First, in the absence of an ideology
like the Soviet one, Moscow can claim success for its purges if and only if
they produce a significant improvement in the lives of the peoples of
Daghestan. Given that Moscow is unlikely
to be able to achieve that, Dzutsati says, Moscow’s claims will be seen as illusory
(kavkazr.com/a/konec-illuzii-samoupravlenia/29029646.html).
Second, by inserting
outsiders and especially ethnic Russians, the central Russian government is
showing that it doesn’t trust or even respect the non-Russians and will use
ethnic Russians or heavily Russified others whenever there is a problem. That too will undermine any basis for loyalty
among non-Russians like the Daghestanis but hardly just among them.
And third, the Radio Svoboda commentator
says, Moscow’s turn to the use of sticks – that is, repression – shows that it
is rapidly running out of carrots – that is the possibility of buying loyalty
by providing assistance as it has done for most of the last two decades in the
North Caucasus. People there already recognize this and are drawing
conclusions.
This doesn’t mean that there is suddenly
going to arise a massive drive for independence: Putin’s Moscow still has
sufficient coercive resources and a willingness to use them in a brutal fashion
to keep people in line for awhile longer.
But the latest moves in Daghestan put Moscow and the non-Russians on a
collision course.
That is suggested, Dzutsati says in
another commentary (kavkazr.com/a/zabytoe-vosstanie-osetin/28814973.html),
but what happened in North Ossetia in 1981, when Leonid Brezhnev was in power
and communist ideology at least nominally governed what the center did.
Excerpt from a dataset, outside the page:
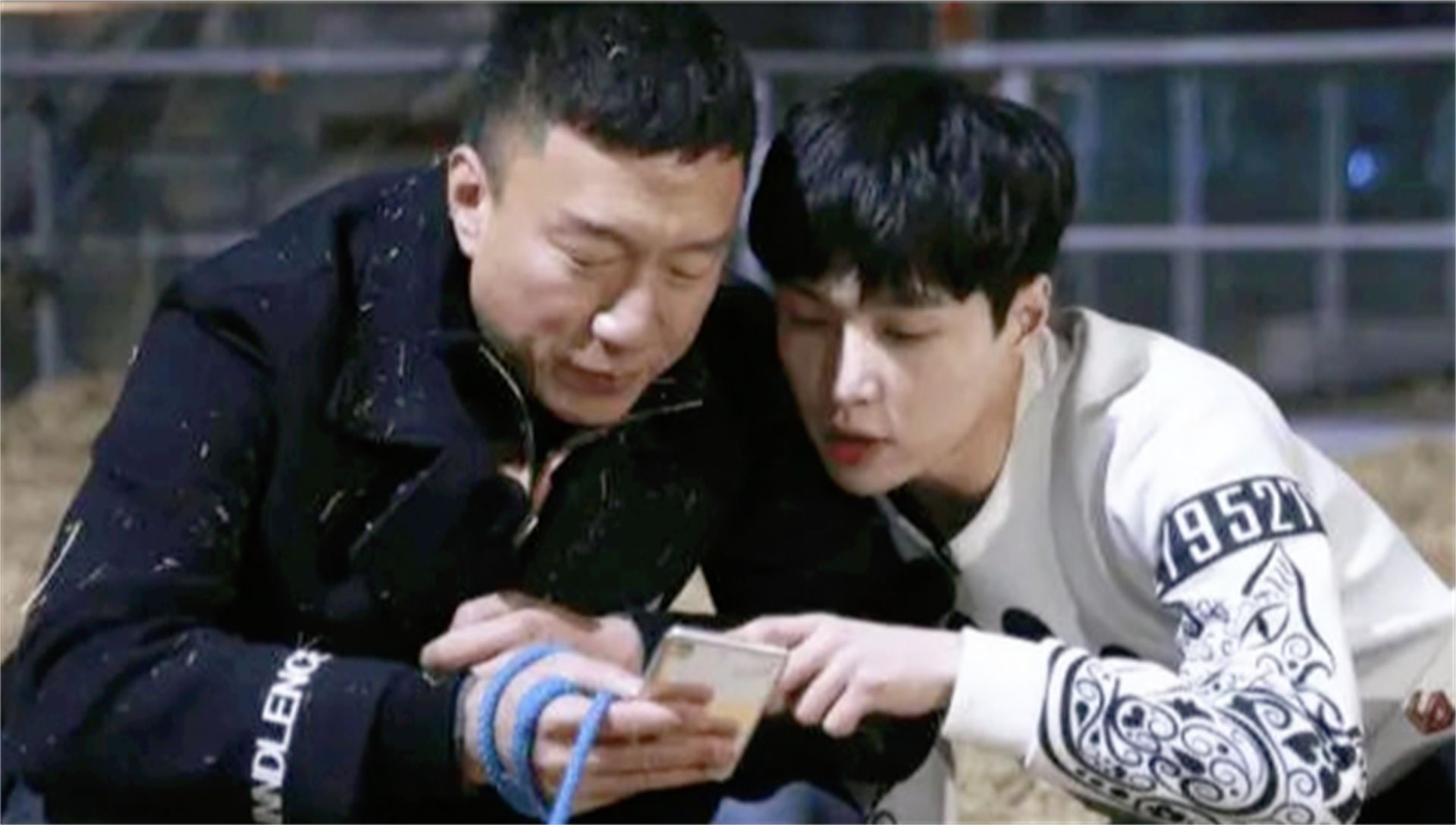 王嘉尔|5位“耿直”的明星,王嘉尔“实力坑爹”,王俊凯竟直言内裤颜色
That
situation, now almost “forgotten,” very much resembles the one in Daghestan
now.
In that year, he writes, “after a
massive popular uprising in North Ossetia, Moscow also interfered in the situation
by replacing the local leadership which consisted of Ossetins with ethnic
Russians.” The period that followed, from 1982 to 1988, is still known as the Odintsovshchina after the name of the
obkom first secretary Vladimir Odintsov.
Installing ethnic Russians in place
of Ossetins, he continues, “did not have an effect on the standard of living of
the population of North Ossetia.” It did however significantly worsen “inter-ethnic
relations both between ethnic Russians and Ossetins and between Ossetins and
Ingush.” In 1992, that led to armed conflict between the latter two.